The falls were far off (2 plus hours) and we could not get so close. On the way we saw worthogs, the great egret, 2 different ibises, Egyptian geese, yellow billed some or another, a red breasted ant eater...the list goes on. OH! And Hippos!! tons and tons of hippos. Plus a few crocodiles/aligators (since I do not know the difference, I cannot say with confidence what we saw...)


We made it back very late (around 6 when we should have been back by 5:30). I really had to use the bathroom after 3 plus hours on a boat. I ran up to the gatehouse to the water entrance way and begged to use theirs. Sure, no problem. I entered on of the cleaner bathrooms I have seen here and noted what looked to be a basket of wetnaps on the back of the toilet. Upon further investigation, I realized, they were not wetnaps but rather condoms!!


What a country. One of the ongoing, underlying battles is against HIV and AIDS. The approach is educate, educate, educate, protect, protect, protect. The ABCs (as Jennie had explained them to me earlier) Abstinence, Be Faithful, Condoms. All in an effort to slow the rampant spread of HIV/AIDS. Coming from the US, it is so strange to see a campaign of this topic since we are to Puritan about sex. But oddly, so are Ugandans. Having to talk about sex is still so taboo!! Fighting a campaign for safe sex without talking about sex certainly has its challenges. At the end of the day, our social mores are in direct competition with our will to survive and one has to give. The two seem to be compromising, one for the other. In the mean time, people are still dying...
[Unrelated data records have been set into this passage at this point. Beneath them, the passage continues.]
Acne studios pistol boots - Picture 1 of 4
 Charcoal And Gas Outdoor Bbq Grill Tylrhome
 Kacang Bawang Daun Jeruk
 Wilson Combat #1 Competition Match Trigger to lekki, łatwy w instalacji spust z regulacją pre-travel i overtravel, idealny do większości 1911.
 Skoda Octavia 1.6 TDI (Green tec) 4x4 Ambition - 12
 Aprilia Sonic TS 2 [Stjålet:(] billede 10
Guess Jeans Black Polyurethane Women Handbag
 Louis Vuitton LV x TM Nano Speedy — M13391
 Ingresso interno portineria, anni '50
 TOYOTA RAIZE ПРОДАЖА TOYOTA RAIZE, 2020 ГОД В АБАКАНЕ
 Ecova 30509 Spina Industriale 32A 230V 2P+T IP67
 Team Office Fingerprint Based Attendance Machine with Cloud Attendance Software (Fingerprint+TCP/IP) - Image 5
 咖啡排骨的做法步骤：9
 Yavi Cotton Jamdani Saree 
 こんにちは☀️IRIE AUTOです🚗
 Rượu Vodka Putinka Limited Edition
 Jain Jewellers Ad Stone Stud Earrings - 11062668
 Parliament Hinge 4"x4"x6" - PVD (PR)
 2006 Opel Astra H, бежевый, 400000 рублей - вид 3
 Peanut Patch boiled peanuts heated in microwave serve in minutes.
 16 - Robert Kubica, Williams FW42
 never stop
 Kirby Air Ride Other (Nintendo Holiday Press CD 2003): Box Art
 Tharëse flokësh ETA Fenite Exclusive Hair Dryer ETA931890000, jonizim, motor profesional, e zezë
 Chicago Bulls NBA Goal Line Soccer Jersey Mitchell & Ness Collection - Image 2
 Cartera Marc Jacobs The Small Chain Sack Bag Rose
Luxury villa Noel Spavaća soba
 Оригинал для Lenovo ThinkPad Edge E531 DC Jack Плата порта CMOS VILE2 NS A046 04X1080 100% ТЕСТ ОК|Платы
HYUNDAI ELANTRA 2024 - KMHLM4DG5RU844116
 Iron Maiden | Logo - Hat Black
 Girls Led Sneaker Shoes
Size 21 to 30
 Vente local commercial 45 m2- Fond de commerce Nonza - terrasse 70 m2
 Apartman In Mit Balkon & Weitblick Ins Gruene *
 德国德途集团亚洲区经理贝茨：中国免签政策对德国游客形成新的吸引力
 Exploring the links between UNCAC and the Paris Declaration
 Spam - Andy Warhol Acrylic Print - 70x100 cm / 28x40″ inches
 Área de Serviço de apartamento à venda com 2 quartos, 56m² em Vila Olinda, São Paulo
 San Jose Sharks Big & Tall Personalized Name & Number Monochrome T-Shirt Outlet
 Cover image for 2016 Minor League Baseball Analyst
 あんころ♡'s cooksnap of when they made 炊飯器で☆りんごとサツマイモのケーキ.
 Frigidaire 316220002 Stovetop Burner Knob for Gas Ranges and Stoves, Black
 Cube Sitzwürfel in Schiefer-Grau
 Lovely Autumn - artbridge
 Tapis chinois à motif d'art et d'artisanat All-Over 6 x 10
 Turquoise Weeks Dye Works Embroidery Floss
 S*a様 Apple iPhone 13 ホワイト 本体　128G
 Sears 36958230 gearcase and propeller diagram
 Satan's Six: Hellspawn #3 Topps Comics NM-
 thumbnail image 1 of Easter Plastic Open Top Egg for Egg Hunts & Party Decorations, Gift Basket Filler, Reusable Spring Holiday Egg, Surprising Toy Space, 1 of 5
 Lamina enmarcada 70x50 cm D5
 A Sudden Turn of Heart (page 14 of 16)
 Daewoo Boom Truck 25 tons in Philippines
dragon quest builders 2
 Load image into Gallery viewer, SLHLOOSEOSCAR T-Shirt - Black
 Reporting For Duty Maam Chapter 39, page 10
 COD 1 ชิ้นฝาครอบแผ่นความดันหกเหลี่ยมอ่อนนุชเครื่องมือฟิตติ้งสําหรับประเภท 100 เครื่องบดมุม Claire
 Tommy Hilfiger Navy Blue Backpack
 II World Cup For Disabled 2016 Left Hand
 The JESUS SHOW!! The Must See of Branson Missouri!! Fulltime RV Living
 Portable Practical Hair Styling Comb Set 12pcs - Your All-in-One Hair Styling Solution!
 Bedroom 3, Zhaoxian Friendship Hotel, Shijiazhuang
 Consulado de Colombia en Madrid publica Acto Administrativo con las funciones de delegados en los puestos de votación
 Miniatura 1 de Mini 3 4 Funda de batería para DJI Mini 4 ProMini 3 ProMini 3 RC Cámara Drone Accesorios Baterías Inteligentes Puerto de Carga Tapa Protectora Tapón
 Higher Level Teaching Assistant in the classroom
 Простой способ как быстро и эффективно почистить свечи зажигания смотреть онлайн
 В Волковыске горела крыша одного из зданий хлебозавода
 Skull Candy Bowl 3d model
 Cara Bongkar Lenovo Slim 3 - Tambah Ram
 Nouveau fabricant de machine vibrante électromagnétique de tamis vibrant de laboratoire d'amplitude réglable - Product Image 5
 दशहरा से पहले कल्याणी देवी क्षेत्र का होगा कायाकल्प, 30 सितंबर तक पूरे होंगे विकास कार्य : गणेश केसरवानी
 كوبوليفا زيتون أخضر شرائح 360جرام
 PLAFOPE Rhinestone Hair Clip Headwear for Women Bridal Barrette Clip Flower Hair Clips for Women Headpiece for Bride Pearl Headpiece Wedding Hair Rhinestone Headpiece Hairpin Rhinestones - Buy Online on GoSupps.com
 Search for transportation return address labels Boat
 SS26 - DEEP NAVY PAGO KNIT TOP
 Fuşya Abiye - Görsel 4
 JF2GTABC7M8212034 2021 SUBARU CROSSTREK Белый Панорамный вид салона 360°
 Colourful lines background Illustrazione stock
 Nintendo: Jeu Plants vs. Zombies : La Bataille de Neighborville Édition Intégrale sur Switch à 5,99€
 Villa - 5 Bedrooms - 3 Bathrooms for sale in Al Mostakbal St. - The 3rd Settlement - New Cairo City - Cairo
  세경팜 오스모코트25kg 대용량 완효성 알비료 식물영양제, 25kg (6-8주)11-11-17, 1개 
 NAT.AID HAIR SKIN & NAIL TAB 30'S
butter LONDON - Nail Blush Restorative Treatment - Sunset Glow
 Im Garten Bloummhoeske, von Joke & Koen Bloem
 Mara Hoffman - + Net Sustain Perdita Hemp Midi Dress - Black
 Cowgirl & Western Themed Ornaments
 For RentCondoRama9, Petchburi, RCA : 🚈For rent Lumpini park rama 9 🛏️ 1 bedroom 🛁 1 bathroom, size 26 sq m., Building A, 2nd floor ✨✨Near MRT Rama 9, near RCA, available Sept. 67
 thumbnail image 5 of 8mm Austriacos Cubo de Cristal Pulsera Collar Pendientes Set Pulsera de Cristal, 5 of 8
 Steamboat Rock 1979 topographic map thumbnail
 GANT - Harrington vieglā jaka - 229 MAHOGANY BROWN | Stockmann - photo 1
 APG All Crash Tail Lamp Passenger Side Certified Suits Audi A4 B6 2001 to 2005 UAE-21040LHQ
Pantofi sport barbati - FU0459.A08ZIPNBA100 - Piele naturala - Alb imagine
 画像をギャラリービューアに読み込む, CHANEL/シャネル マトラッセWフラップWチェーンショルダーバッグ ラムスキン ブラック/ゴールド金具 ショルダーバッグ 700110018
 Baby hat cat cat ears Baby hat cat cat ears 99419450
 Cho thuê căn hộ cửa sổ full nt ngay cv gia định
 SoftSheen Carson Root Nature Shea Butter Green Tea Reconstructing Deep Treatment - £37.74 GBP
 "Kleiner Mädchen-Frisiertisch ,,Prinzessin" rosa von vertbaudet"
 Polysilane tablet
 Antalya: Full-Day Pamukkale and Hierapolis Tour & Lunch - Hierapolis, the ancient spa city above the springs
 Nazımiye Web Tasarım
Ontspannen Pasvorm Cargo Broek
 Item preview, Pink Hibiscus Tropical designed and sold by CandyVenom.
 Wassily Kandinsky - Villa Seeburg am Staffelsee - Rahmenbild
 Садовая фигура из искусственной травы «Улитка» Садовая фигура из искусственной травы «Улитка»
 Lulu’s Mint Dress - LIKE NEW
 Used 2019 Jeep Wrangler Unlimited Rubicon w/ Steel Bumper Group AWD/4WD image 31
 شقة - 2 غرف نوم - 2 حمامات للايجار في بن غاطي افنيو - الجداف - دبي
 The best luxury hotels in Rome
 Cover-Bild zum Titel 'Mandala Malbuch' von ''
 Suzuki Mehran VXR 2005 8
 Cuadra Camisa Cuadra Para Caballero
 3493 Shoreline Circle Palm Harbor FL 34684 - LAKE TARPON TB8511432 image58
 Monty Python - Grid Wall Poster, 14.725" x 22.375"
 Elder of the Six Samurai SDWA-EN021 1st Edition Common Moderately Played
Larry, slow down, don't hit the baboon. Entering the Murson Falls National Park

Monday morning we left for the safari. We included Larry, the new guy Ray, and myself. We started out on the long journey to the park. It took us much longer than we had expected. We hit a jam (traffic here is called “jam”) and needed to make a few stops. Then there was this 5 mile or so stretch of road being repaired. The Ugandan approach to this is to cover the whole road with speed bumps. These were particularly effective. It took forever to cover this stretch...

We were aiming to make it to a 2:30 boat ride to see birds, hippos, crocs, and the Murson Falls. We hit the gas station 90 minutes from the boat at 1:00 and had not had lunch. Larry drove us in to the park and there was a lengthy debate with the attendant about the balance TATS was carrying with the park. I was already pretty certain we would not make the boat ride that day (we would have to do it the following day) but this cinched it. Larry was not convinced and so, we chased down a 2:30 departure. Larry drove at breakneck speed through the park. Suddenly, we rounded the corner and there they were ...a family of baboons crossing the road. Oh look! Baboons! Ray and I cried. We were so excited to see wildlife! Larry did not blink, and just kept driving. Baboons! We cried again. This time less in delight and more to point them out to Larry. Did he not see them? Finally we called, Larry, slow down, you will hit the baboon...

He swerved, narrowly missing the poor creatures who must have been scared to death.

This continued through another family or two of apes and finally I said, Larry, please, just slow down. And so he did. To a creeping crawl. I thought his new pace was excessively slow, but also felt tension in the car was mounting so I left it alone.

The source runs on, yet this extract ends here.